REPUBLIKA.CO.ID, JAKARTA – Wakil Ketua KPK Bambang Widjodjanto mengatakan bahwa revisi KUHP (Kitab Undang-Undang Hukum Pidana) dan KUHAP (Kitab Undang-undang Hukum Acara Pidana) lebih penting dari pada revisi UU/ 30/ 2002 Tentang KPK. Pasalnya , UU KPK dianggap masih relevan untuk digunakan saat ini.
“Kenapa revisi KUHP dan KUHAP tidak jadi prioritas, padahal itu sudah ada kebutuhannya (untuk direvisi),” kata Bambang di Jakarta, Selasa (20/3).
Menurut Bambang, KUHP dan KUHAP yang saat ini digunakan sebagai bagian dari hukum Indonesia, masih menggunakan aturan-aturan yang diterapkan sejak zaman pemerintahan Belanda. Sehingga penerapannya saat ini dianggap sudah tidak relevan.
Kebalikannya dengan UU KPK, Bambang mengatakan bahwa UU yang ada saat ini masih relevan digunakan. UU KPK yang merupakan dasar pembentukan KPK diciptakan untuk kebutuhan pemberantasan korupsi di Indonesia yang bersifat masif.
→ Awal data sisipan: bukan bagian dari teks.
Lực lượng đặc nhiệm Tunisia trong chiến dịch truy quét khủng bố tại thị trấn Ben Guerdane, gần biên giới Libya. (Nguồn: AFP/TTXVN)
Sehingga, KPK dibentuk dengan dibekali kemampuan atau dengan berbagai kewenangan yang dimilikinya untuk pemberantasan korupsi. Sehingga, kewenangan KPK yang dimiliki saat ini, masih diperlukan dan tidak harus dirubah.
“Jadi perubahan (revisi (UU KPK) untuk apa,” kata Bambang.
Komisi III DPR akan merevisi UU KPK. Lewat revisi UU, Komisi III DPR bermaksud memangkas kewenangan KPK terutama terkait dengan penindakan yaitu penyidikan dan penuntutuan. Komisi Hukum DPR ingin agar KPK fokus kepada bidang pencegahan korupsi.